* [Exercise brief]
A faithful copy is required. Print each line of the data exactly and omit the pictures.

*** Opening of Provided material ***

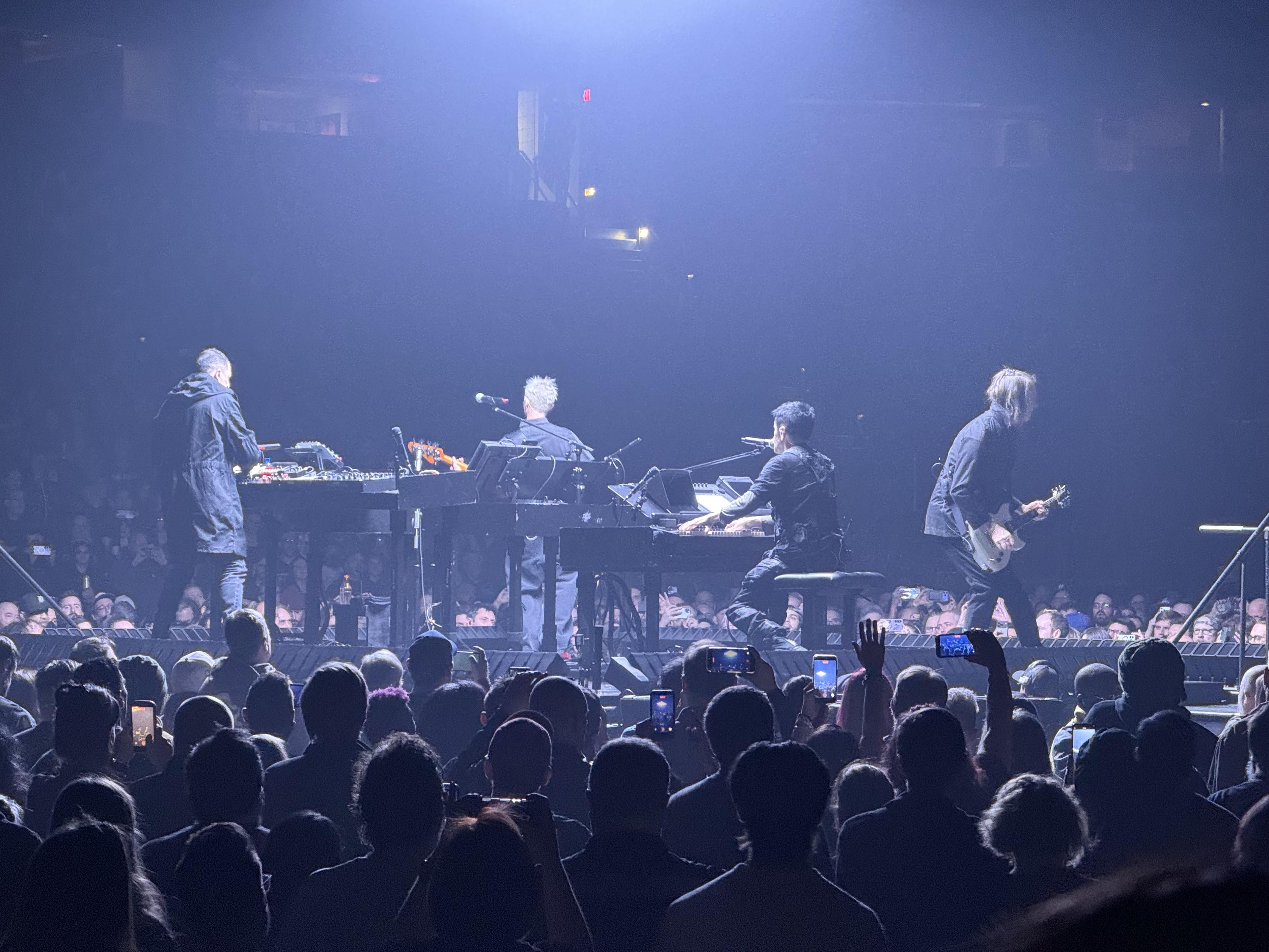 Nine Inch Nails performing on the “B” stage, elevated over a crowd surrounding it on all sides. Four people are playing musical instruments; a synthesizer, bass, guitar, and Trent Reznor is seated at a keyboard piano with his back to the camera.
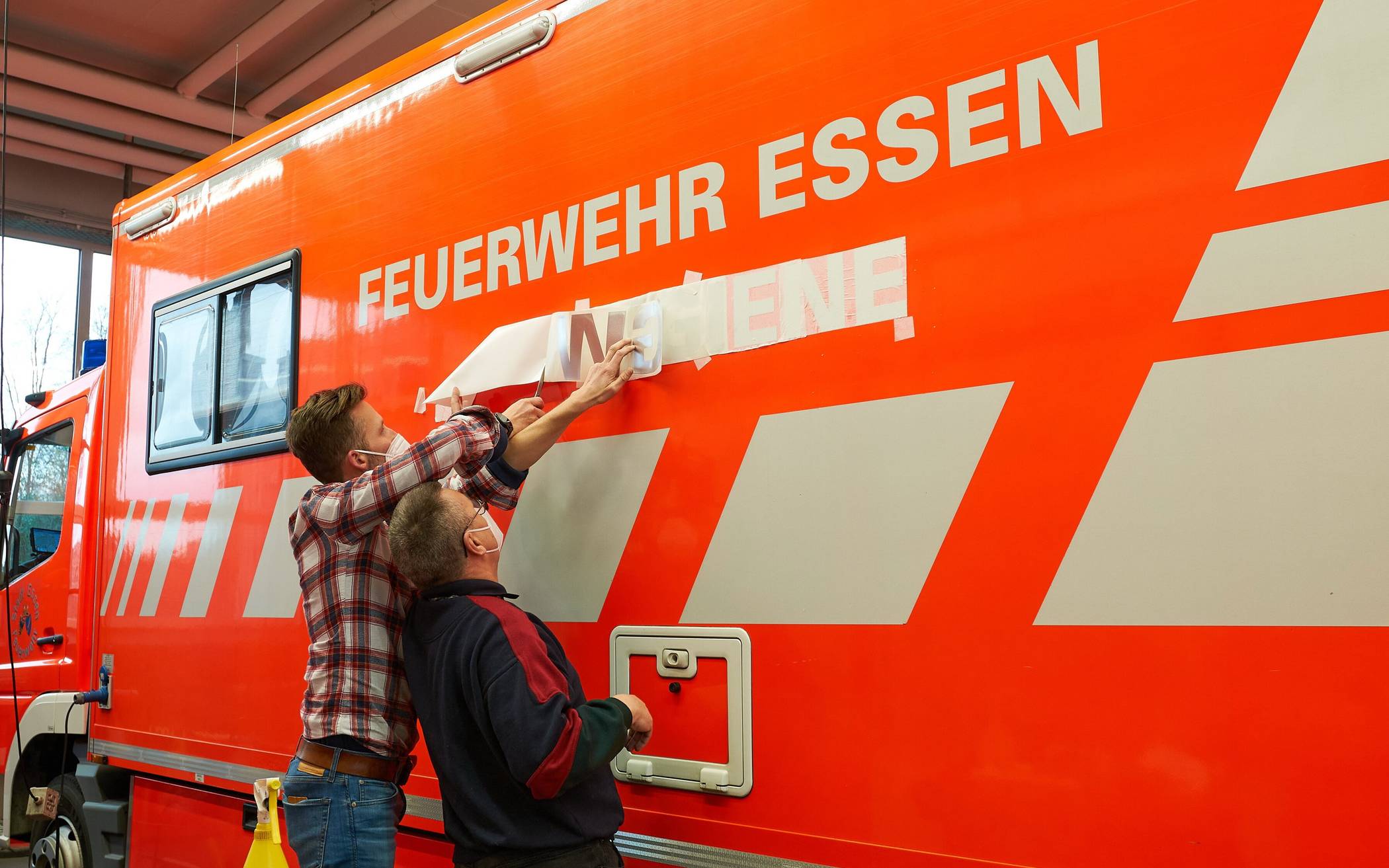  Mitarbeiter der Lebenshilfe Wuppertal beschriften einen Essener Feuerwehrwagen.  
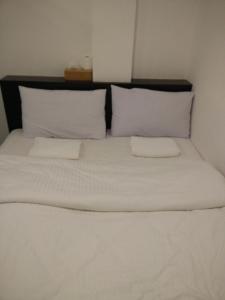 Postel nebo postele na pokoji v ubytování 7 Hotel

*** Close of Provided material ***

* [Output of the exercise]
 Nine Inch Nails performing on the “B” stage, elevated over a crowd surrounding it on all sides. Four people are playing musical instruments; a synthesizer, bass, guitar, and Trent Reznor is seated at a keyboard piano with his back to the camera.
  Mitarbeiter der Lebenshilfe Wuppertal beschriften einen Essener Feuerwehrwagen.  
 Postel nebo postele na pokoji v ubytování 7 Hotel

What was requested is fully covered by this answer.